The alternative therapy has been around for thousands of years.
With the swimming well underway at the Tokyo Olympic games, many of the competitors can be seen covered in strange-looking dark circles as they wander around the pool and line up on the starting blocks.
But what exactly are they, and what is their point?
Well it’s an ancient alternative therapy known as cupping, and is a method that has its roots in the Middle East and Asian cultures.
It involves creating suction on the skin using cups. This causes blood to flow to the area of suction and is thought to decompress the muscles and connective tissue of the area.
The cups are only placed on the skin for a few minutes, but this is long enough to cause capillaries just below the skin’s surface to rupture, which creates the bizarre-looking circles on the skin.

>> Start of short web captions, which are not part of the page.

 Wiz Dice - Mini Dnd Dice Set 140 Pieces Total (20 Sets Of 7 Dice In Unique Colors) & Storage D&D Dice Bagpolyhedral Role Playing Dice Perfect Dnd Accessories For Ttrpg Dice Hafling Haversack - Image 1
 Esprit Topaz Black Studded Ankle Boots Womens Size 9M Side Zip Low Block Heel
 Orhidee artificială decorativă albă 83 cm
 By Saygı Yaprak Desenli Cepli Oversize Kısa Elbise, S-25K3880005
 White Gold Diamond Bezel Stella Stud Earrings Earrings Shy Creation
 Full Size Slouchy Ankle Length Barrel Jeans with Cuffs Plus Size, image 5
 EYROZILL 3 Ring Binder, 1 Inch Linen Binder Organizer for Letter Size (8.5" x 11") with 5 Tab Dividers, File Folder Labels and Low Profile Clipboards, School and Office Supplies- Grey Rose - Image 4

In recent years, the likes of Dwayne ‘The Rock’ Johnson and Conor McGregor have been advocates of the technique, and at the Rio 2016 Olympics, the great Michael Phelps could be seen covered in the brown circles.
He explained at the time that he mainly gets the treatment on his shoulder as that’s where he experiences the most pain.
He said: “That’s where I usually hurt the most [and] I’ve done it before meets, pretty much every meet I go to.
“I just asked for a little ‘cupping’ yesterday because I was sore and the trainer hit me pretty hard with one and left a couple of bruises.”
The practice is used by many athletes to aid recovery, but despite its claims to having a whole host of benefits, the science is a bit sketchy on this.
The US National Center for Complementary and Integrative Health has said that “not enough high quality research” has been carried out to establish whether it has any benefits or not.
Related links:
- Does The Rock’s ‘cupping’ treatment really work? We asked an expert
- Does ‘cupping’ work, or is it a fashionable fad? A doctor weighs in
Meanwhile a study published in the Journal of Traditional and Complementary Medicine in 2019 suggested that the damage to the skin caused by the technique may spark a process in the body that inhibits pain. However, the study also acknowledged that “large randomised clinical trials, systematic reviews and meta-analyses in future” are needed to reveal its full effects.
So it’s safe to say that the jury is still out on the technique. But now you know the mystery behind those weird brown circles.